Defending society Within this same week was some very open-ended thinking about defences and harm in general. If we think more broadly, what is security in society? What are risks? What are we defending against? It’s just a very open-ended question, and probably the classic answer that I hear in this space is talking about critical infrastructure collapse.

Critical infrastructure and related

For example, people say, what if AI, either by human control or fully autonomously, disables the electricity grid in a way that is unrecoverable? I agree that this is probably a risk we should be thinking about, and indeed I’m sure there is much work making things like energy grids safe from cyber attacks.

But I think the focus on utilities is too narrow. What is the infrastructure of society and how should we defend against it?

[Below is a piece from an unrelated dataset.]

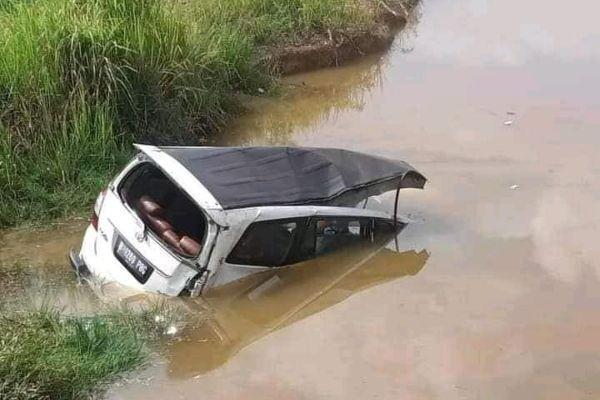 Lokasi kecelakaan di Jalan Lintas Rawa Jitu, PT Bangun Nusa Indah Lampung (BNIL), Kecamatan Banjar Margo, Kabupaten Tulang Bawang, Minggu (24/10/2021). (Dot Satlantas Polres Tulang Bawang).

A point I made in my group is that infrastructure is all around us and could include many things like reliable news, or even confidentiality from therapy providers. There was a devastating data breach from a Finnish psychotherapy service Vastaamo in 2020, causing serious distress and trauma to roughly 30,000 victims, who were threatened with having all their confidential therapy notes made public.

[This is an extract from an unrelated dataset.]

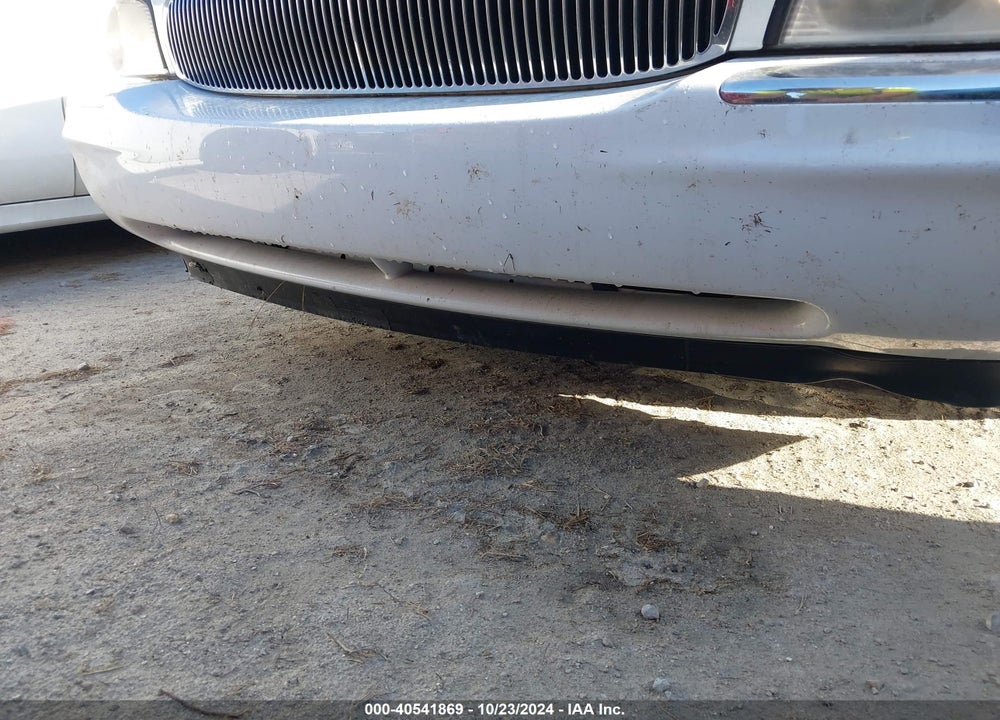 2000 BUICK PARK AVENUE VIN: 1G4CW52K7Y4132728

I think when we reflect on all the many services and things we trust, you realise there’s a lot of parts of critical infrastructure, or at least stuff that would cause a lot of harm if it was compromised. I think this means the surface area you need to defend is actually much broader than a few utility organisations.

Gradual disempowerment and related

Another whole section of this is gradual disempowerment, which is a whole set of worries about people in society being less able to have influence over AI as it replaces more labor across society and could lead to concentration of control, theoretically to the limit, in such a way that no human has any control over things now.

I think this is an interesting area of work, but it’s hard to grapple with it meaningfully in a couple of weeks or to say anything rounded about it in a few hundred words, so I’m just going to flag this here and move on!

6. Start contributing

The final week of the course encourages people to get started and find specific small projects to work on. A few points from this space is that it’s good to start small with something, just maybe even a few lines of code or a couple of emails, and to try and get more feedback and build things up with this, to not let perfectionism slow you down. And I’ve been working on evaluations in the AC Inspect tool, but this week also gave me lots of ideas for other things to reach into, to look into. The course asked me to submit a personal action plan, and here is my plan:

I want to focus on scheming and AI evaluations, building on my experience working with LLMs with python in large codebases at the BBC. I want to look for specific opportunities at places like AISI, Apollo, and others, where I can contribute to evaluations projects.

In the next few months I can continue contributing to benchmarks on general evaluations, like my existing work with Inspect. Longer term I’m interested in research and mitigations on untrusted models, such as work on scheming and approaches to AI control. These seem more robust to me than general capabilities, as models demonstrate more evidence of situational awareness.